The sentence calcifies into my own bones, his words becoming a physical part of me that I couldn’t get rid of unless it broke. “You would?”
“If you wanted me to, I would.” He tucks my hair behind my ear, sighs, and starts talking. Really talking.
“I’ve thought about this a lot. I started thinking about it the minute you left my place, the time you told me about moving to London with stars in your eyes after I’d spent the best minutes of my life inside your body. I’ve asked myself if I would ever move back to London if I’d never met you. I’ve asked myself if, had you’d been interested in someplace else, would I still have tried to follow you then?”
He tilts my chin up, his irises turning flinty. “Every day, Casey, every time I’d look at you, I would play out all those what-if scenarios in my head. They always ended the same, with me thinking, Yes. If you were existing near me, the answer was yes. And if you weren’t near me—funny enough, Case, the answer was still yes. That’s the best part.

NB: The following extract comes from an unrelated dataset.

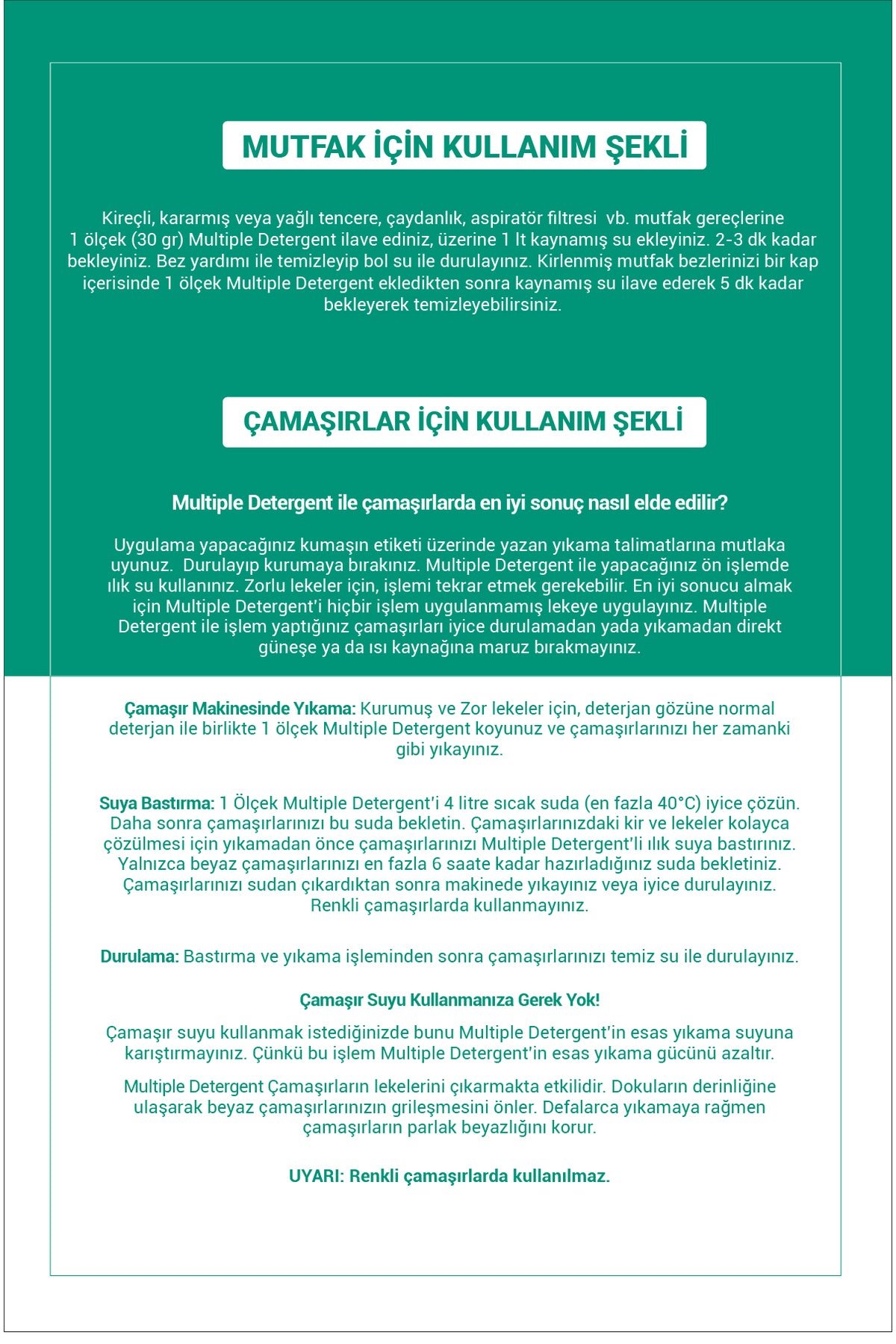 Mutfak ve Çamaşırlar İçin İkisi Bir Arada Toz Deterjan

It doesn’t feel like a tether, it feels like a choice, because the stars in your eyes are fucking why I fell in love with you.”
He wipes a tear from the corner of my eye, thumb lingering on my cheek, and his voice softens even more as he continues. “So, to me, it pretty much came down to only that. Once I figured that part out, the rest wasn’t complicated. It wasn’t difficult. If you want me—if by some miracle this is a mutual feeling—then I go where you go. I am where you are. But I don’t want you to feel pressured, so if you don’t want me to be in London with you, I won’t, and I will completely understand. I mean, we made a deal when we started this whole thing, and I broke the rules—”
I put a finger to his lips. “Stop. Just stop right there. Alex, I do want you there. I want to keep you, too.”
Oddly, his expression falls even further. “Are you sure? It wouldn’t be for a while, what with the BTH board holdup. Maybe even six months, until they really let us launch.”
The cloud bursts.
The secret bursts.
It pours out of me, sentence after splintered sentence: Tracy approaching me, asking me to uncover the truth behind Robert and Dougie’s feud (during which I swear to Alex I never breathed a word to her about his relationship with his dad, which is the truth)。 The news of the acquisition, my being sworn to secrecy, learning the BTH presentation was just a red or green light to sell.
When I say that part, Alex’s eyes gutter, and his face goes cold. He stands there mutely through my apology, stiff and frozen. I want to touch him, but I’m scared he’ll flinch away. I’ve never seen him look like this. Not in the entire time I’ve known him have I seen him this … defeated.